From the line containing "Bureau - Studio Apartment in 4-Bedroom Flat" to the last line of the data, both included, transcribe each line exactly, leaving out pictures and adding nothing.

Brief descriptive captions:
------------------------------------------------------------------------

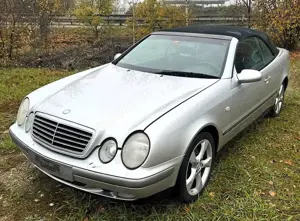Mercedes-Benz CLK 230 Kompressor Sportausführung Bild 2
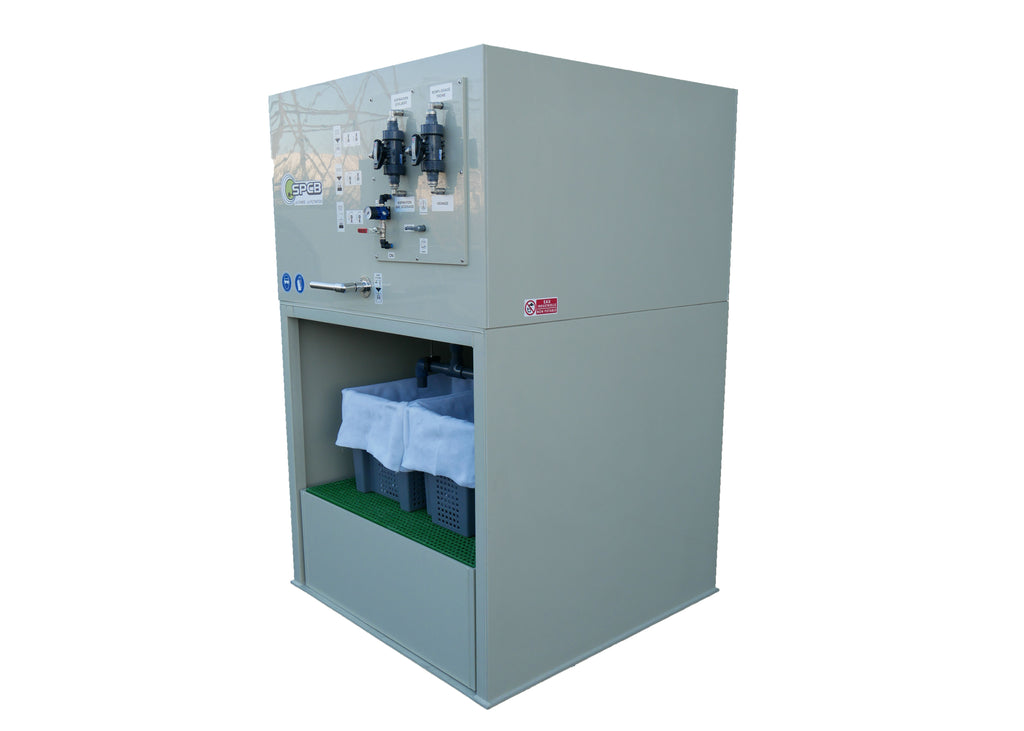 paint flocculation system with 200 litre treatment tank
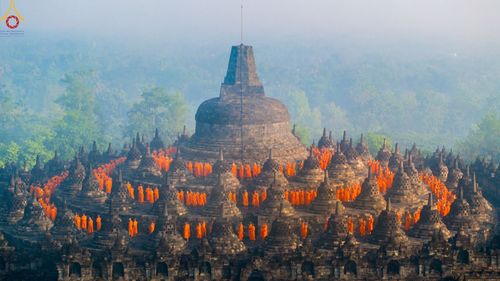 ภาพ No.105115:สามเณรธรรมทายาทชาวอินโดนีเซียกว่า 1,000 รูป นั่งสมาธิ และเวียนประทักษิณ ณ มหาเจดีย์บุโรพุทโธ ประเทศอินโดนีเซีย ในวันที่ 26 ธันวาคม พ.ศ. 2566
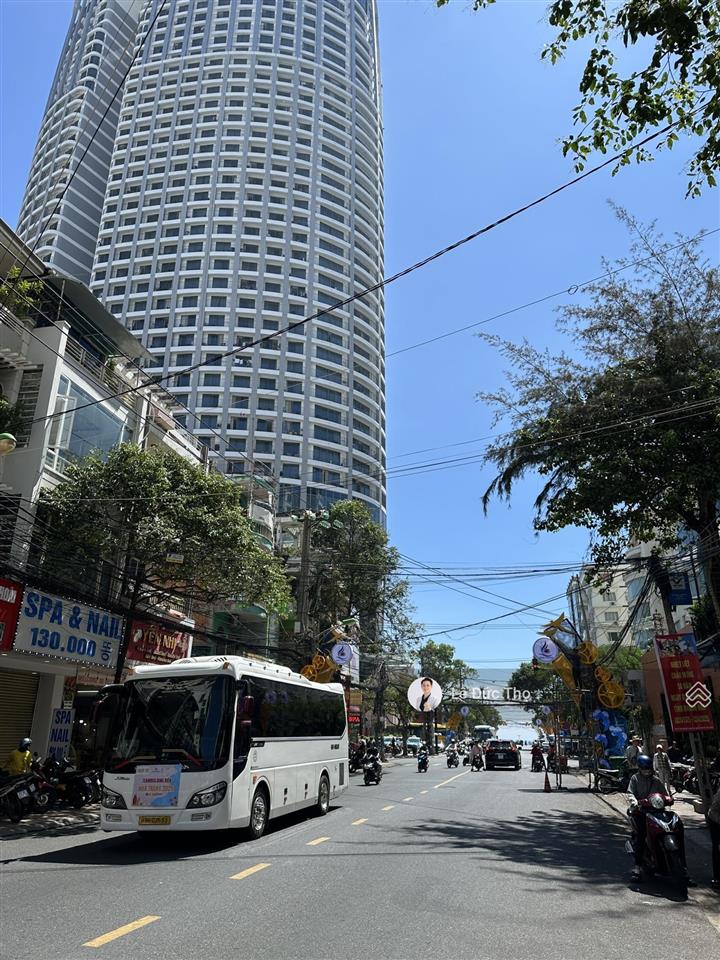 Bán nhà góc 2 mặt tiền nguyễn thị minh khai, gần biển nha trang. mặt tiền 10m. hđ thuê 150tr/tháng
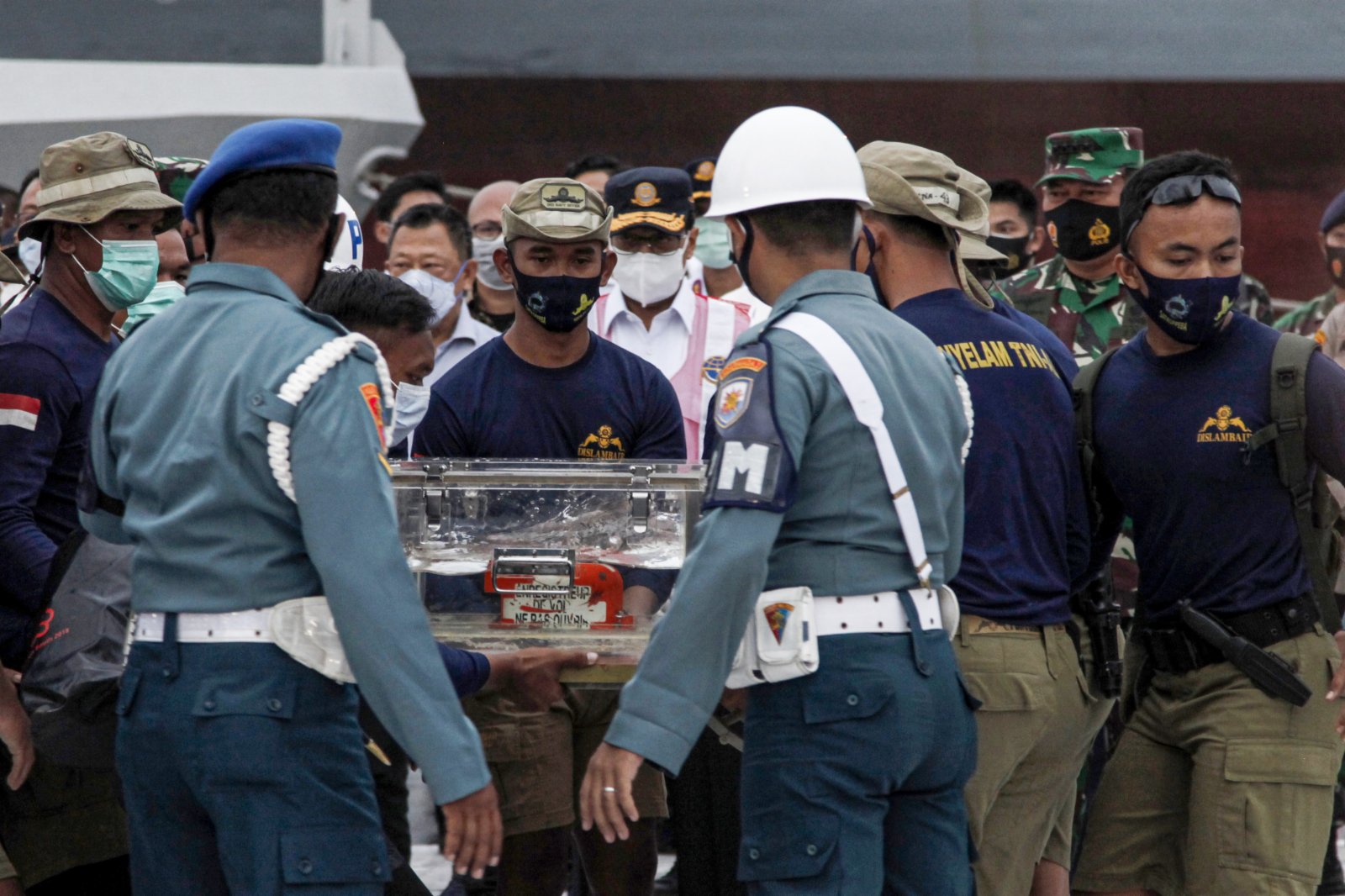 1月12日，在印度尼西亞首都雅加達，潛水員搬運「飛行數據記錄儀」。（新華社）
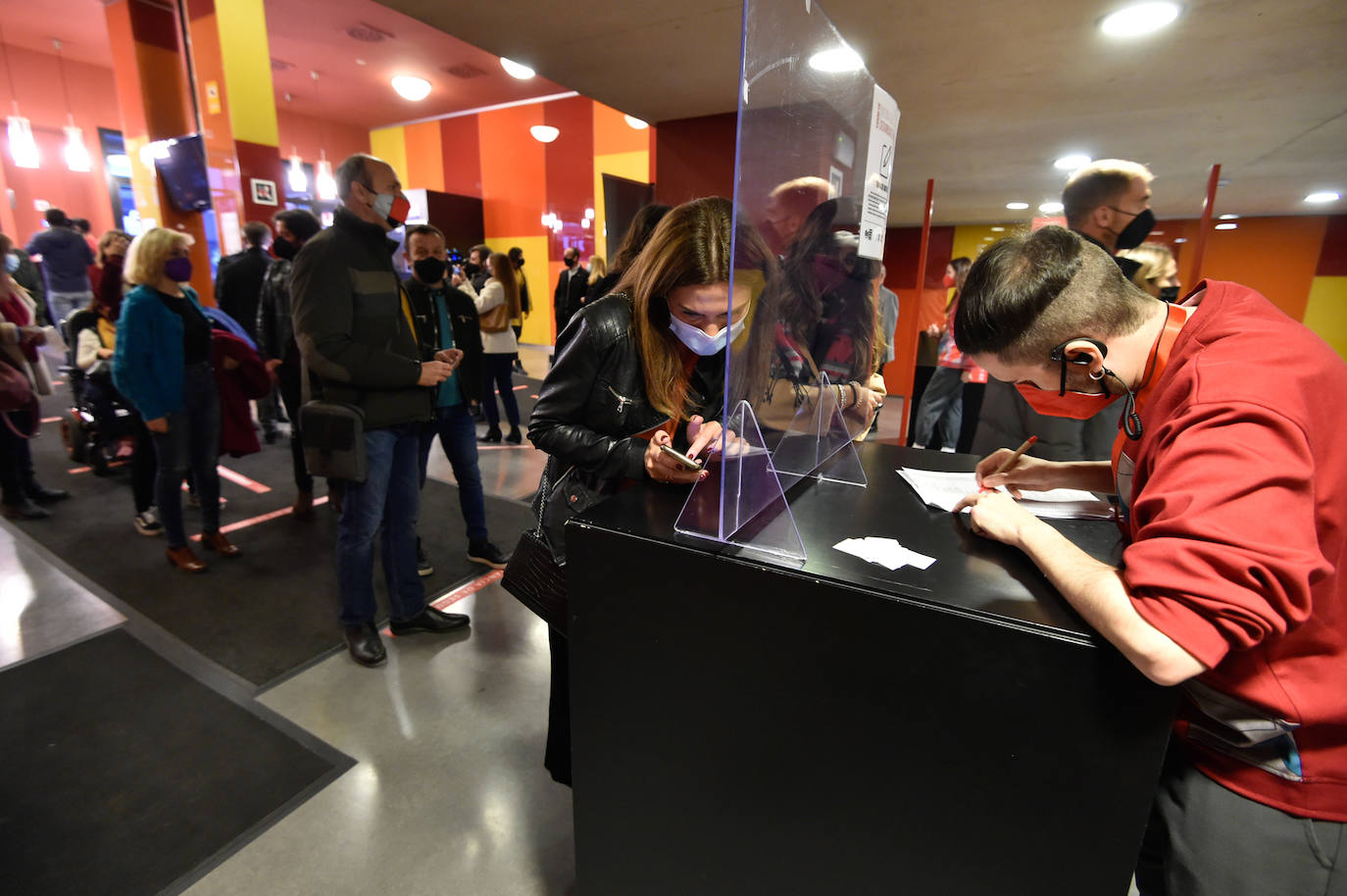 Fotos: El público regresa al Teatro Circo Murcia tras la obligada pausa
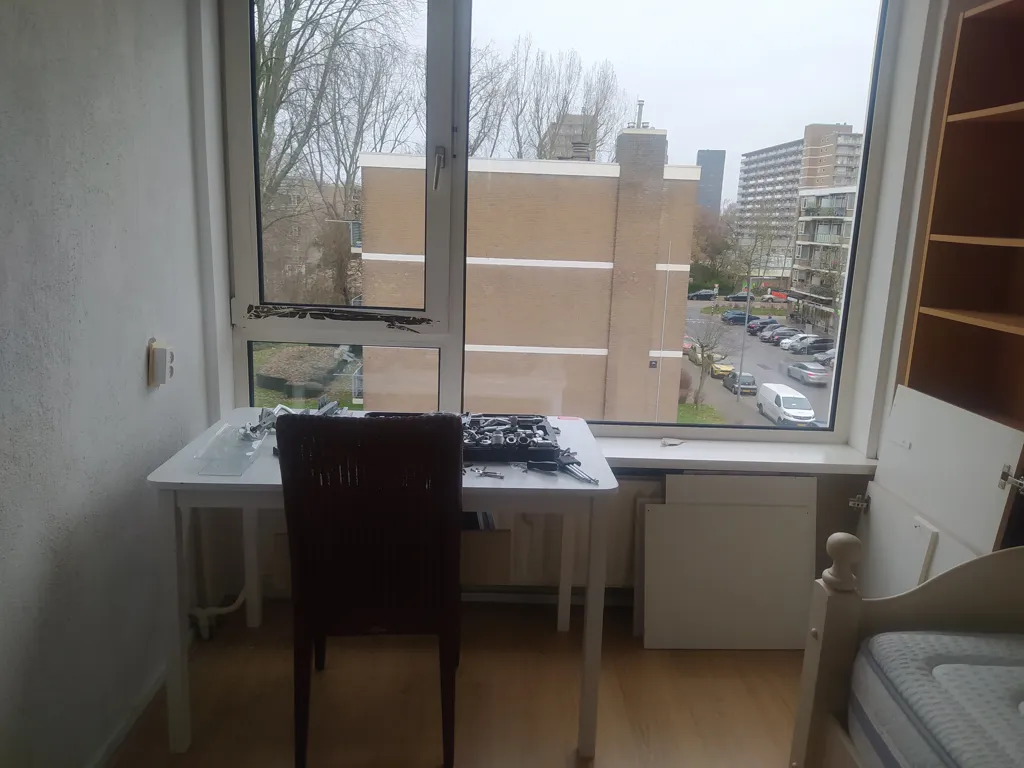 Bureau - Studio Apartment in 4-Bedroom Flat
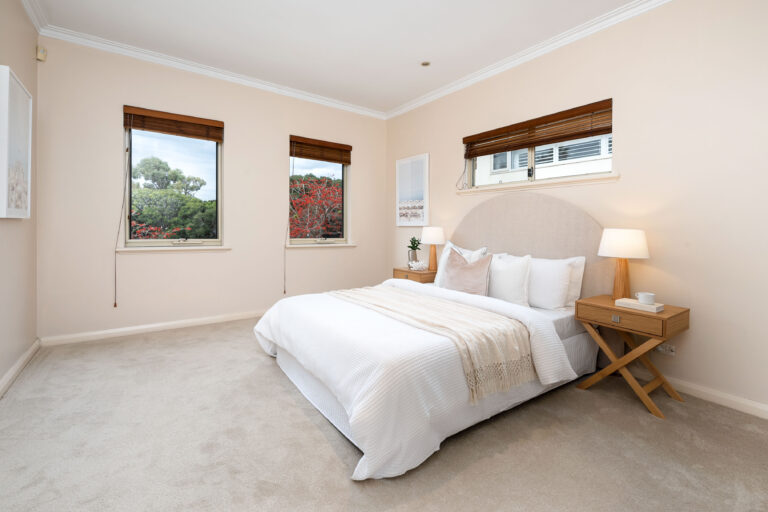 17 Curtin Avenue gallery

------------------------------------------------------------------------

RESULT FOR THIS TASK:
 Bureau - Studio Apartment in 4-Bedroom Flat
 17 Curtin Avenue gallery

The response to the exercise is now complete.